O documento, primeiro do género em cinco anos, apela a uma “globalização dos direitos humanos mais essenciais” e aponta, como exemplos, a necessidade de erradicar a fome ou combater o tráfico de pessoas e “outras formas actuais de escravatura”, que apresenta como “vergonha para a humanidade”.
Falando num mundo sem rumo, o Papa propõe a redescoberta de uma “dimensão universal capaz de ultrapassar todos os preconceitos, todas as barreiras históricas ou culturais, todos os interesses mesquinhos”.
“Se não conseguirmos recuperar a paixão compartilhada por uma comunidade de pertença e solidariedade, à qual saibamos destinar tempo, esforço e bens, desabará ruinosamente a ilusão global que nos engana e deixará muitos à mercê da náusea e do vazio”, explica.

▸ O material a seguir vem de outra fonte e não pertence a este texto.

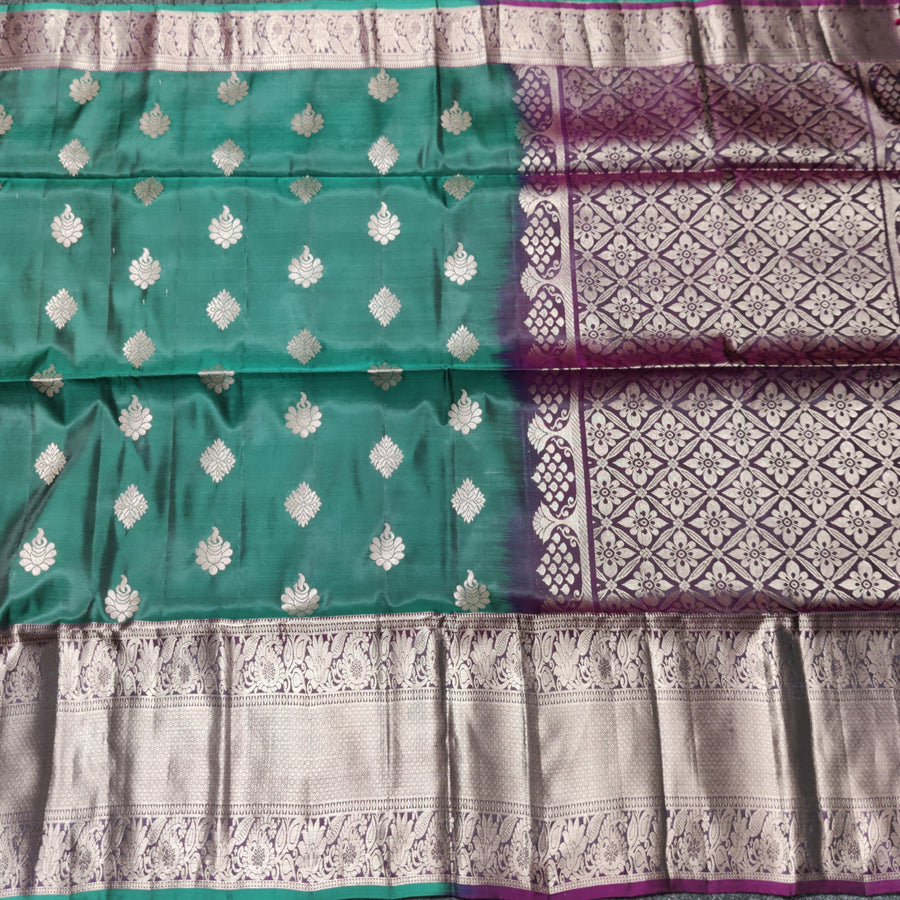 Lightweight pattu - LWP246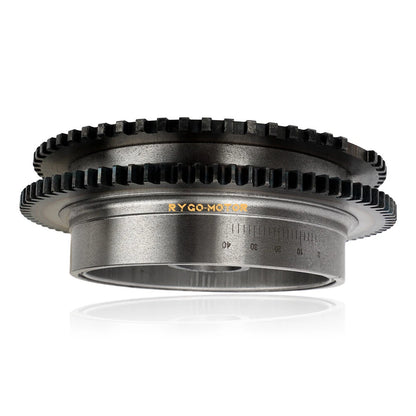 Magneto Rotor Flywheel for Polaris Ranger RZR Sportsman 700 800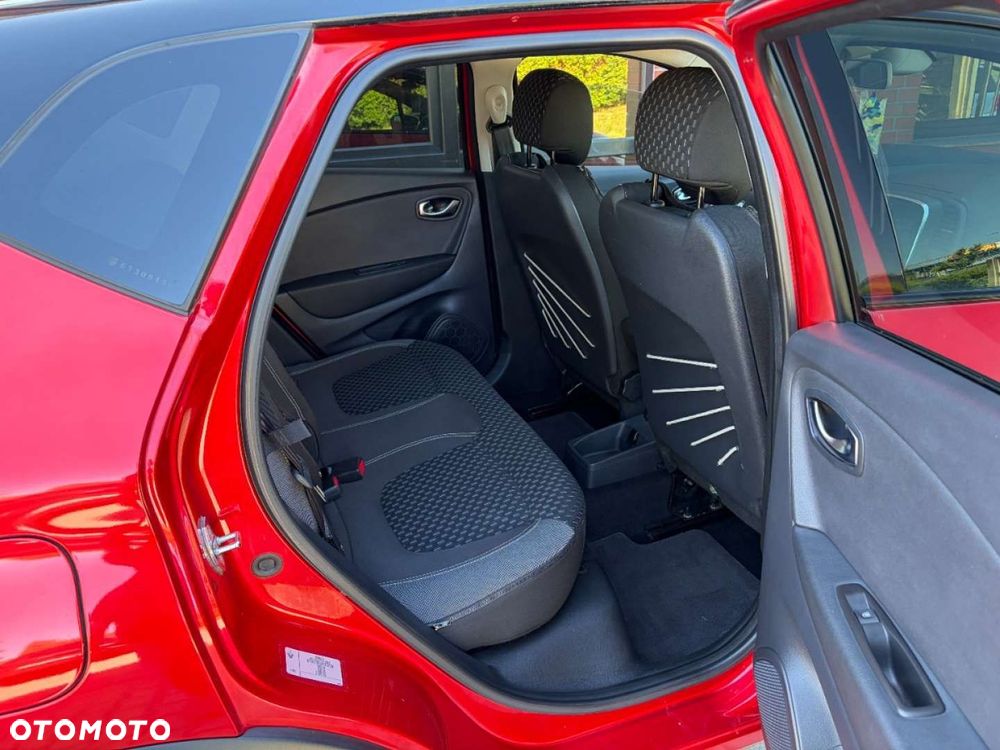 Renault Captur (ENERGY) TCe 90 INTENS - 25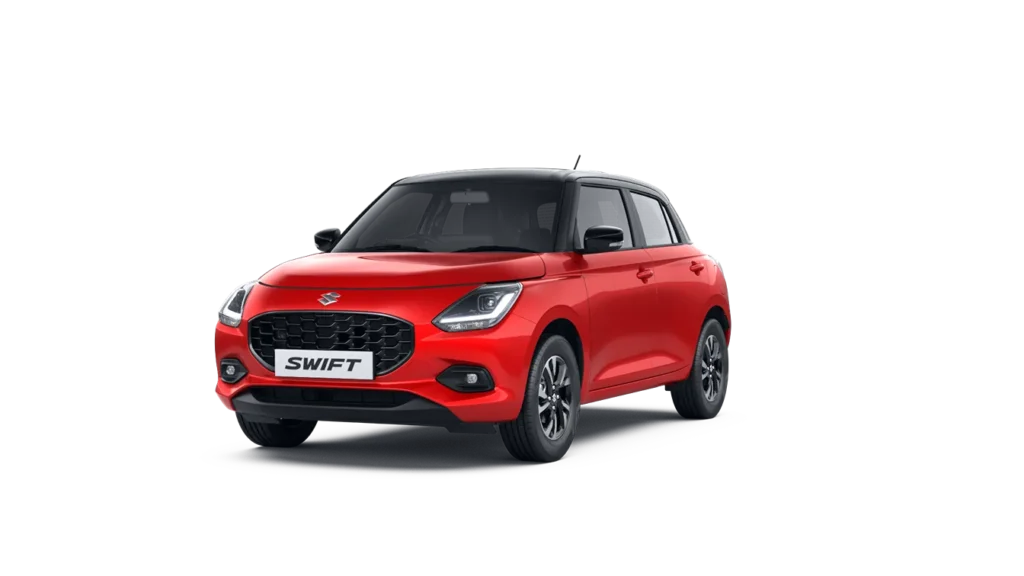 Maruti Suzuki Swift CNG best mileage premium hatchback in India 2026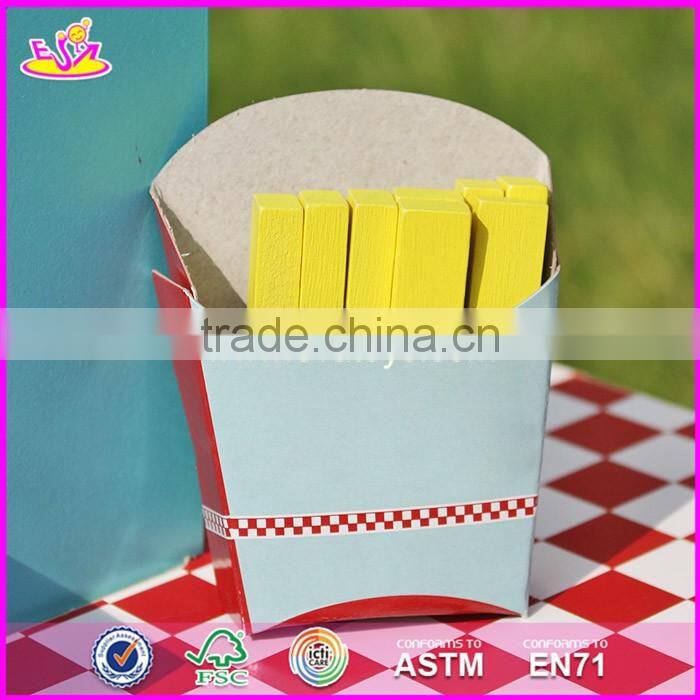 2017 New design wooden kids play grill preschool pretend wooden kids play grill funny toys wooden kids play grill W10D127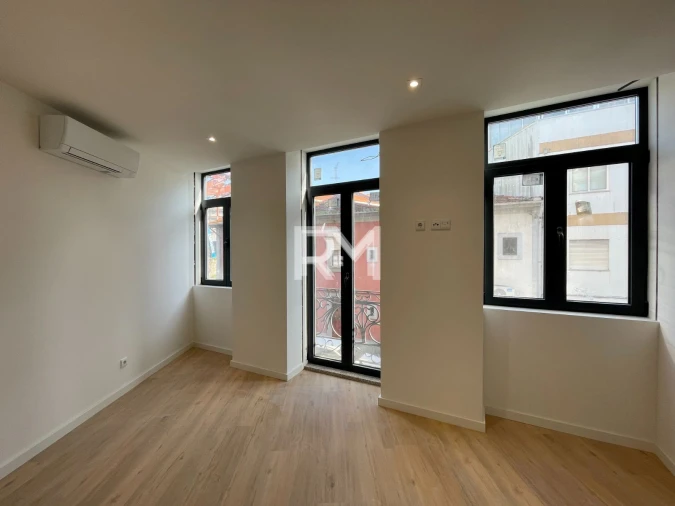Apartamento T1 para Arrendamento em Campanhã Foto 12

Francisco alerta para a tenção de “ignorar a existência e os direitos”, defendendo na sua encíclica a “amizade social que não exclui ninguém e a fraternidade aberta a todos”.
Neste contexto, a encíclica Fratelli Tuttiapela que os vários projectos económicos, políticos, sociais e religiosos tenham em mente a “inclusão ou exclusão da pessoa que sofre” como elemento de avaliação.
“É necessário fazer crescer não só uma espiritualidade da fraternidade, mas também e ao mesmo tempo uma organização mundial mais eficiente para ajudar a resolver os problemas prementes dos abandonados que sofrem e morrem nos países pobres”, observa.
O documento cita em várias ocasiões a inédita declaração sobre a fraternidade humana que foi assinada em Abu Dhabi (2019) pelo Papa e pelo imã de Al-Azhar, a mais prestigiada instituição do Islão sunita.
Criação de fundo contra a fome
Também na encíclica agora apresentada ao mundo, o Papa sugere a criação de um fundo mundial contra a fome, que seria financiado pelas actuais despesas militares.
“Com o dinheiro usado em armas e noutras despesas militares, constituamos um Fundo mundial, para acabar de vez com a fome e para o desenvolvimento dos países mais pobres”, refere.
Francisco propõe um ideal de não-violência, particularmente em relação à guerra e à pena de morte, considerando que estas “nada mais fazem que acrescentar novos factores de destruição no tecido da sociedade nacional e mundial”.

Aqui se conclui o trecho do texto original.